De nombreuses recherches montrent que plusieurs éléments interviennent dans les pratiques de notation et représentent des freins potentiels à la note constructive : 
  • La culture de l’établissement
  • Le niveau des élèves
  • Le milieu socio-économique
  • Le degré de sévérité de l’évaluateur
  • Les valeurs de l’évaluateur
  • Les émotions de l’évaluateur
  • Le niveau de connaissances didactiques, pédagogiques et évaluatives de l’évaluateur
  • La capacité de l’évaluateur à comprendre et à interpréter la logique des prescriptions auxquelles il doit se soumettre.

Les prises de décisions des enseignants lorsqu’ils notent font l’objet de multiples négociations entre différents facteurs aboutissant régulièrement à des dilemmes (Pasquini et DeLuca, 2021). 

Il est important d’aider les enseignants à reconnaitre ces biais et de souligner que les notes ne devraient poursuivre que des objectifs pédagogiques (Carey & Carifio, 2012) : 
  • Certifier les apprentissages considérés comme importants dans les programmes.
  • Offrir des possibilités des rétroactions formatives aux élèves.
  • Donner des informations aux enseignants pour leur permettre de planifier les apprentissages à poursuivre. 



Élaborer avec soin les barèmes et les échelles de notation


Il est important que les enseignants comprennent bien sur quelles bases ils décident de la valeur d’une note.

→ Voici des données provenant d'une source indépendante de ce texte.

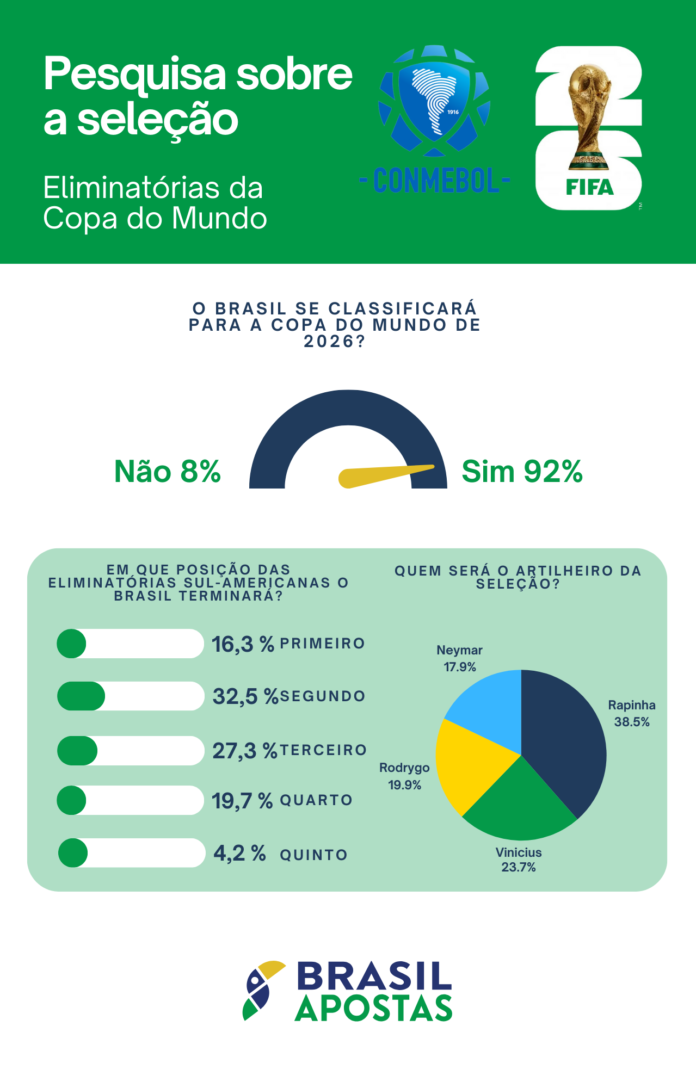 A pesquisa da Brasil Apostas revela que 92,46% dos brasileiros confiam na classificação da seleção para a Copa do Mundo de 2026. Rapinha é o favorito para ser o artilheiro das eliminatórias, com 38,54% dos votos, seguido por Vinicius e Rodrygo.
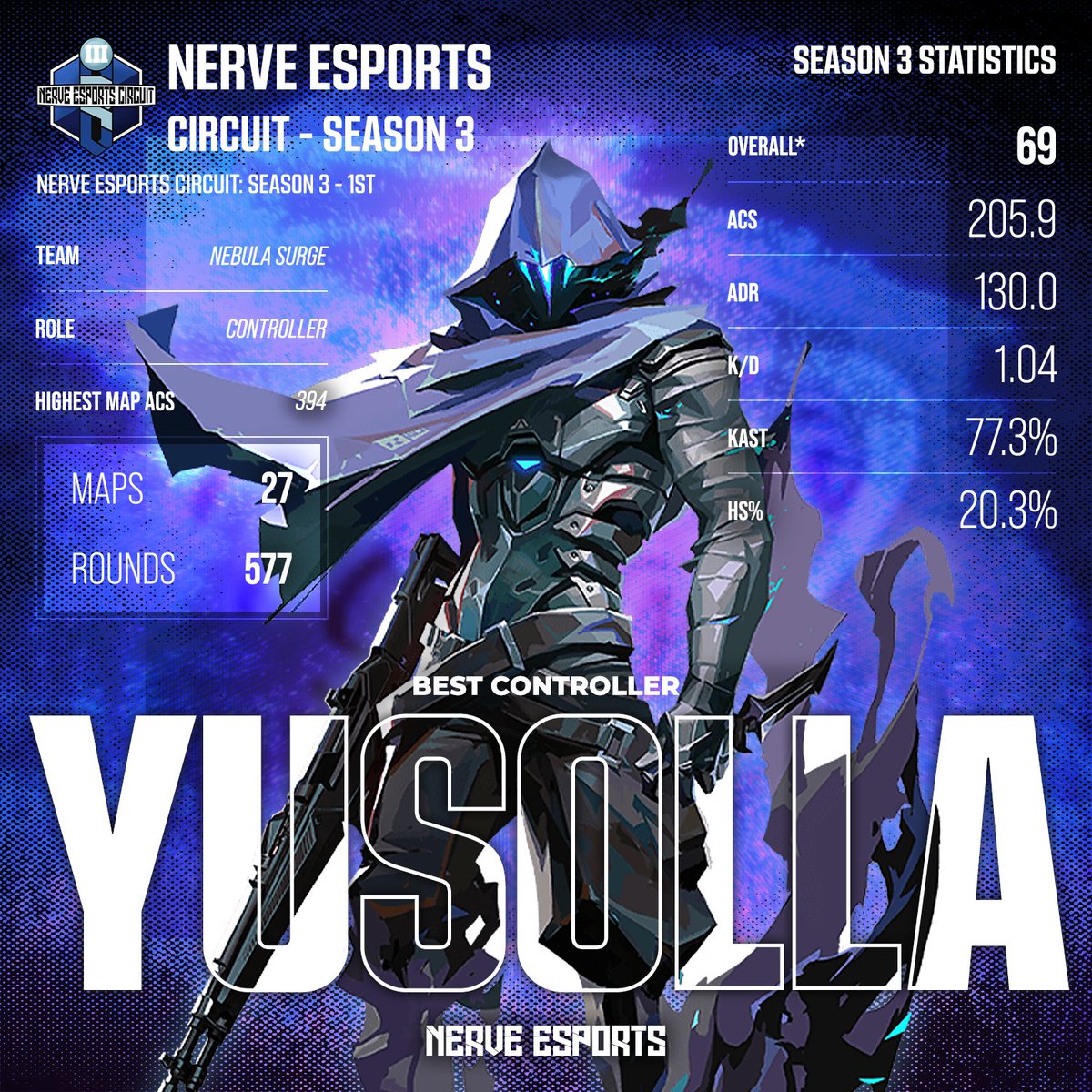 Nerve Esports tweet media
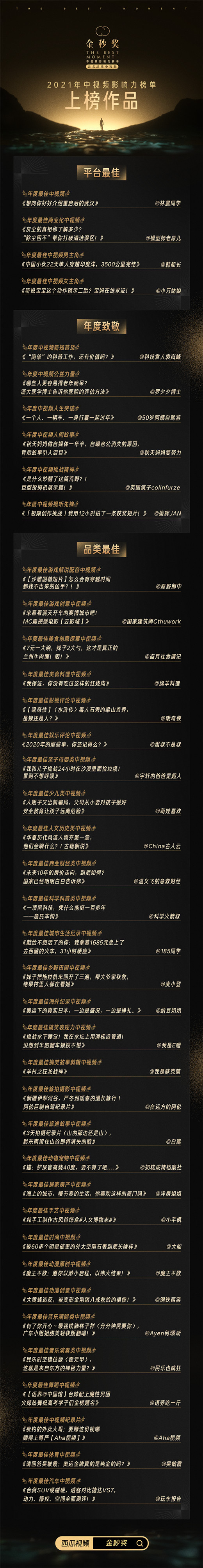 西瓜視頻2021“金秒獎-中視頻影響力榜單”揭曉， 知識和跨界成關(guān)鍵詞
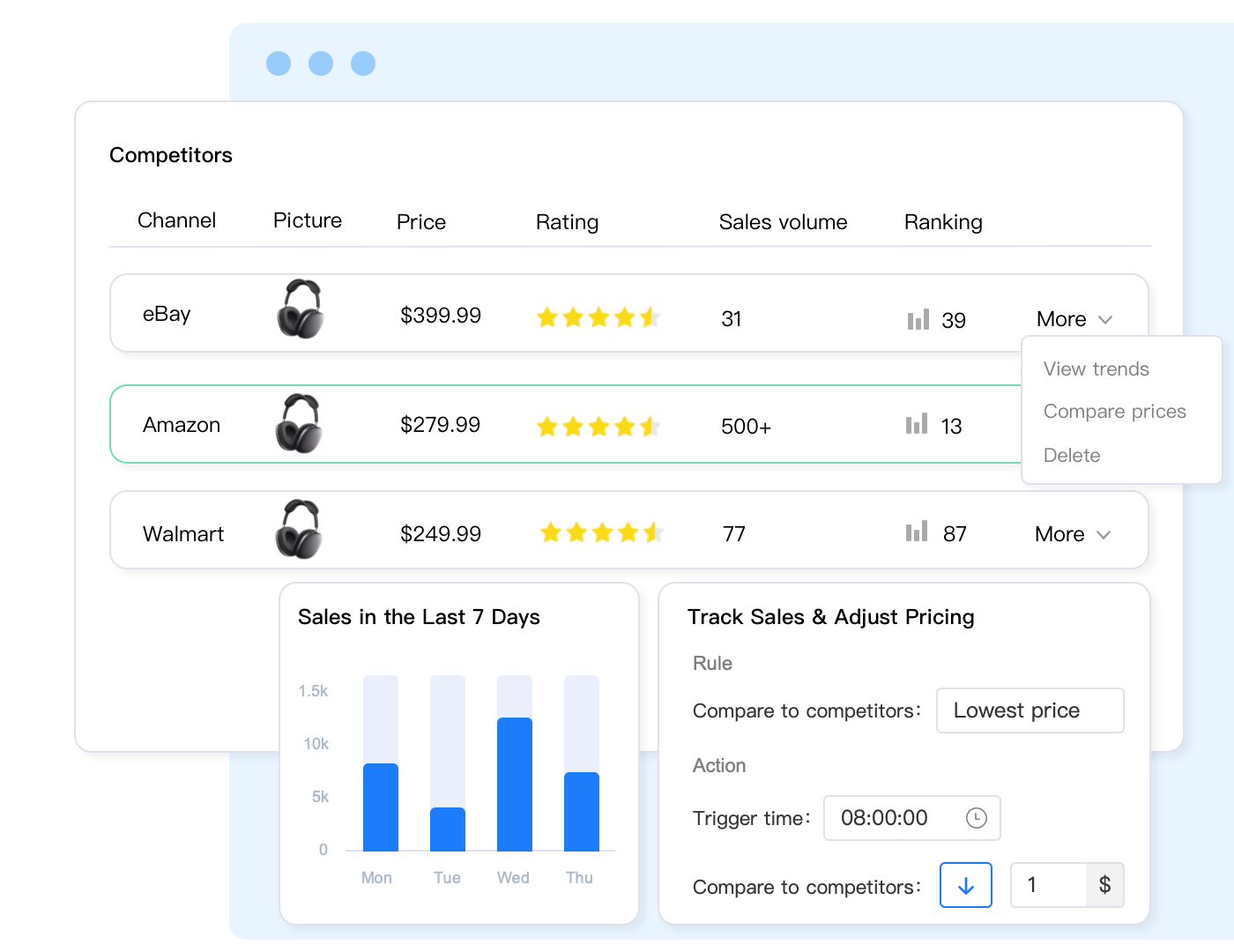 Smart repricing algorithm dashboard for Walmart Buy Box optimization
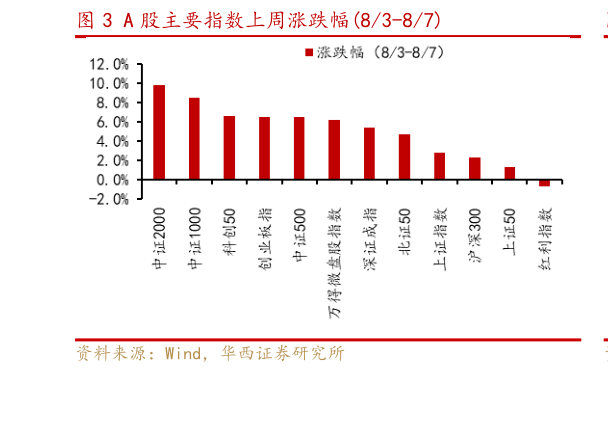 谁能回答A 股主要指数上周涨跌幅83-87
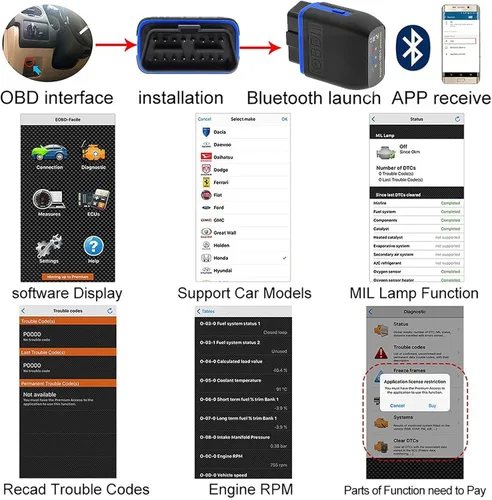 Miniatura 2 de Escáner OBD2 Bluetooth 4.0 para Auto, Lector de Códigos para iPhone iOS Android Windows, Adaptador Auto OBD2 OBDII, Herramienta de Diagnóstico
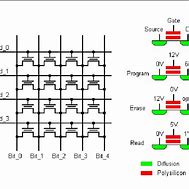 Image result for EEPROM Cell Array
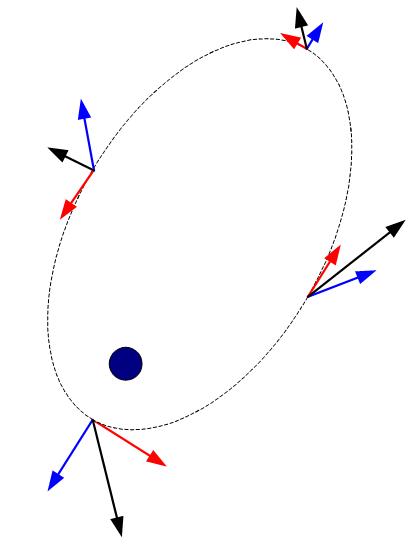 Elliptical Orbit time dilation Vectors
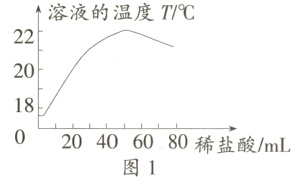 20406080稀盐酸/mL图1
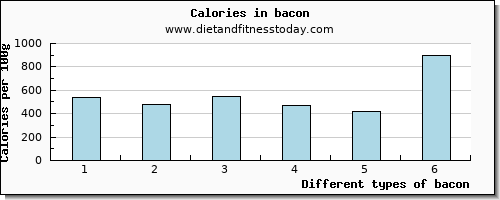 bacon niacin per 100g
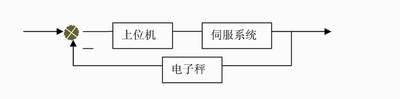 设备控制系统的方框图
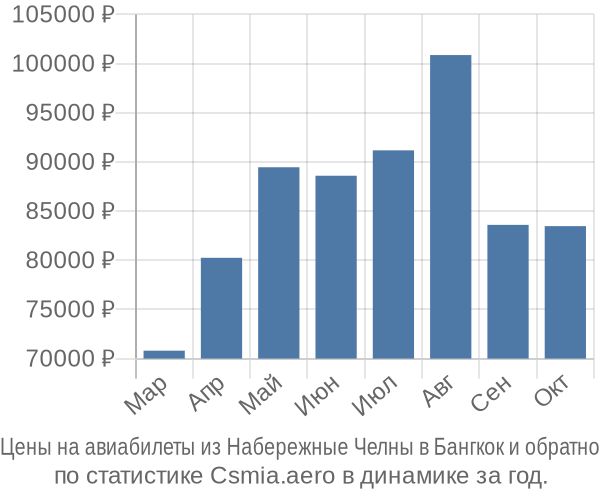 Авиабилеты из Набережные Челны в Бангкок цены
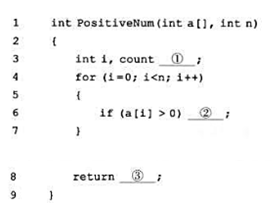 下面的函数用于统计10个整数中正数的个数。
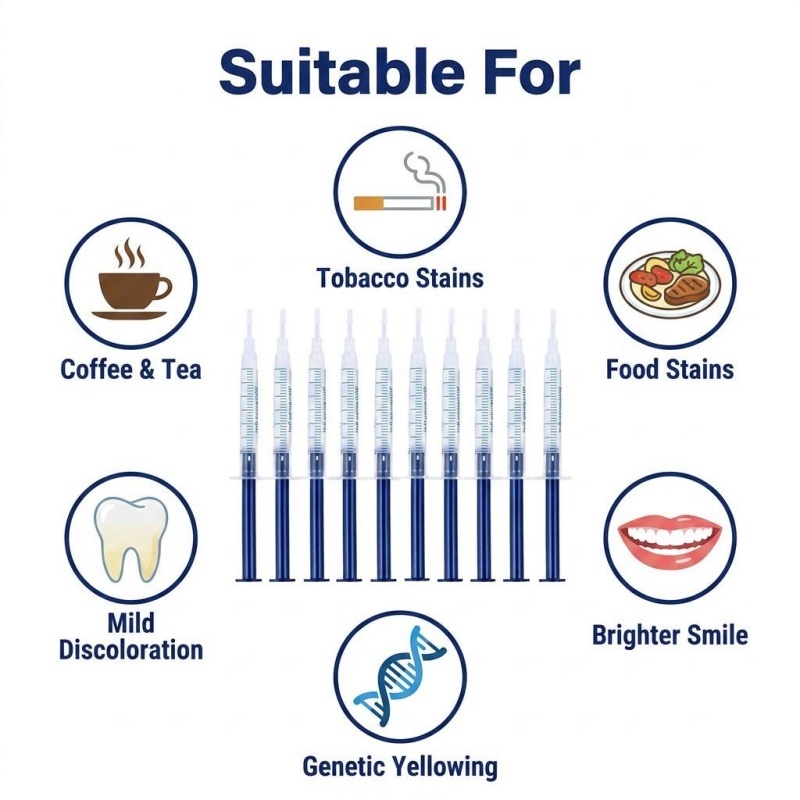Kit Pemutih Gigi Portabel, Lam - Teeth Whitening Accelerator ulasan dan harga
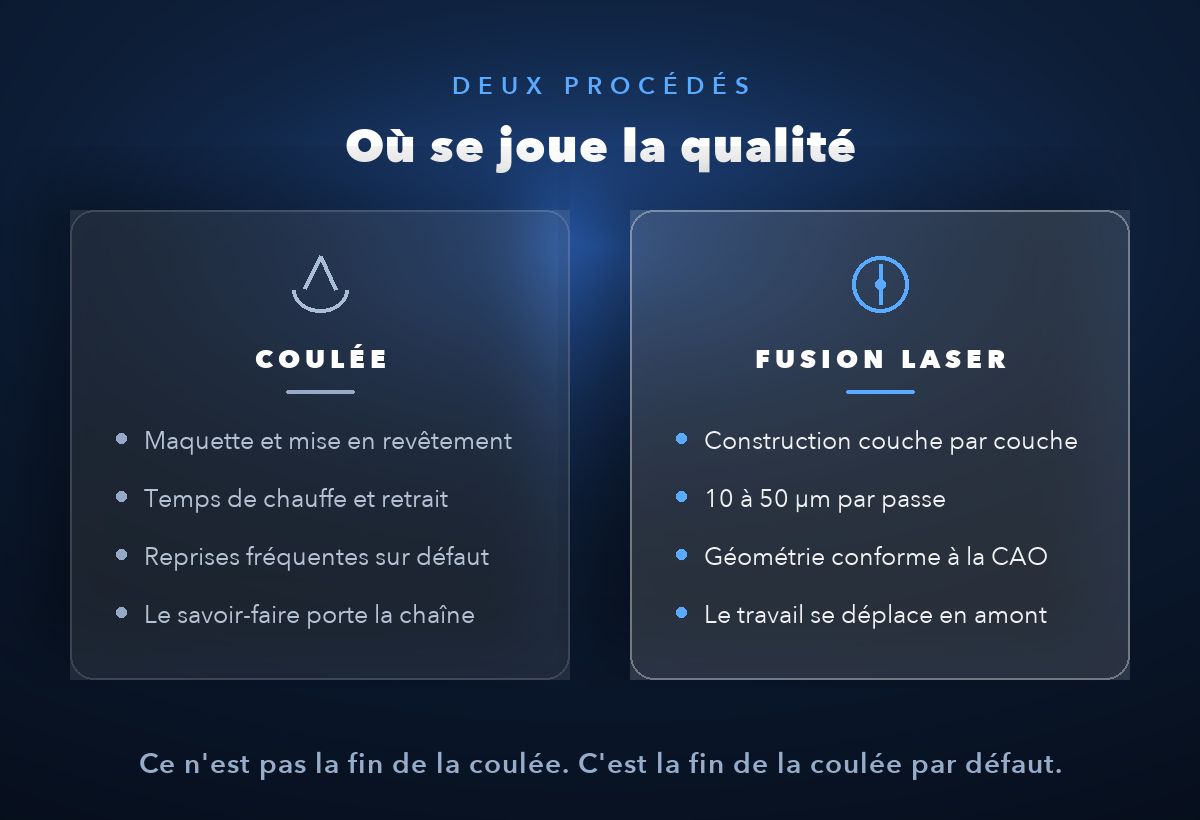 Comparatif coulée et fusion laser : où se joue la qualité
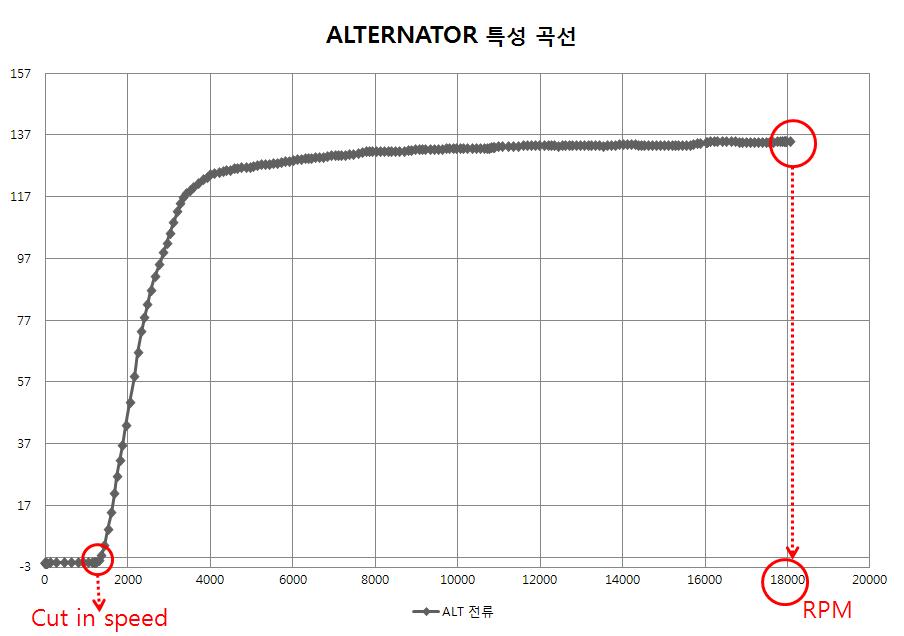 Alternator 성능곡선 (실험값)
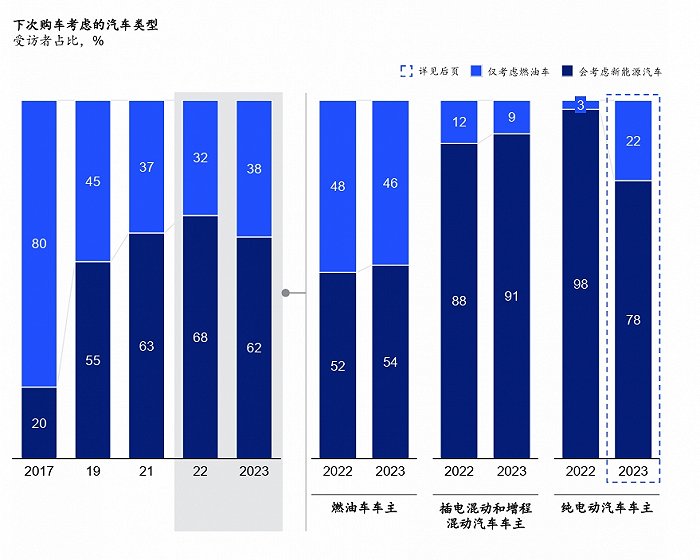 中国消费者对新能源汽车接受度首次出现下滑。图片来源：麦肯锡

Plus particulièrement, il est important de comprendre comment s’établit celle qui correspond au seuil de réussite.



Évacuer la dimension normative



Une problématique discriminante à régler dans le processus est celle de la note normative où l’élève est classé à partir de ses résultats par comparaison avec ceux de ses camarades. La mise en évidence des différences individuelles poursuit une visée de sélection et de compétition et accentue les échecs. 


 

Nuancer la qualité est parfois délicat 


Une difficulté réelle rencontrée par de nombreux enseignants est de qualifier graduellement la certification d’une compétence. Il n’est pas évident d’expliciter la différence entre une excellente et une bonne performance. Une manière de faire est de mobiliser des exemples de productions d’élèves qui illustrent ces niveaux. 

Une différence qui est directement liée est qu’au plus l’échelle de notation est ample, plus la définition de chaque note en lien avec des critères est délicate (Guskey & Brookhart, 2019). 

L’élément le plus crucial dans le cadre de la définition des attentes au travers de critères est de signifier au moins la valeur de la note suffisante symbolisant le seuil entre réussite et échec. 



Élaborer des critères n’est pas toujours évident

 
Dans de multiples situations d’évaluation, des enseignants peuvent évaluer sans critères explicitement définis (Nordrum et coll., 2013).

Cette évaluation implicite est due au fait que les enseignants rencontrent des difficultés à expliciter concrètement leurs attentes. Ce travail de formulation explicite est souvent perçu comme difficile (Wyatt-Smith & Adie, 2021) et chronophage. 

La démarche induite par la planification à rebours est précieuse, même elle est ardue, de longue haleine et perçue comme complexe. Elle oblige à penser aux apprentissages finaux et intermédiaires, puis aux tâches en rapport. Elle est à contre-courant du fait d’avancer progressivement et intuitivement en direction d’objectif d’apprentissages qui se construisent au fur et à mesure. 



La prise en compte de la spécificité de la discipline est fondamentale. 


Le contenu disciplinaire joue lui-même un rôle majeur dans la manière et dans la facilité de construire des notes à haute valeur informative basées sur des critères. La didactique de la discipline a un rôle majeur à jouer dans l’établissement de barèmes et d’échelles de notation.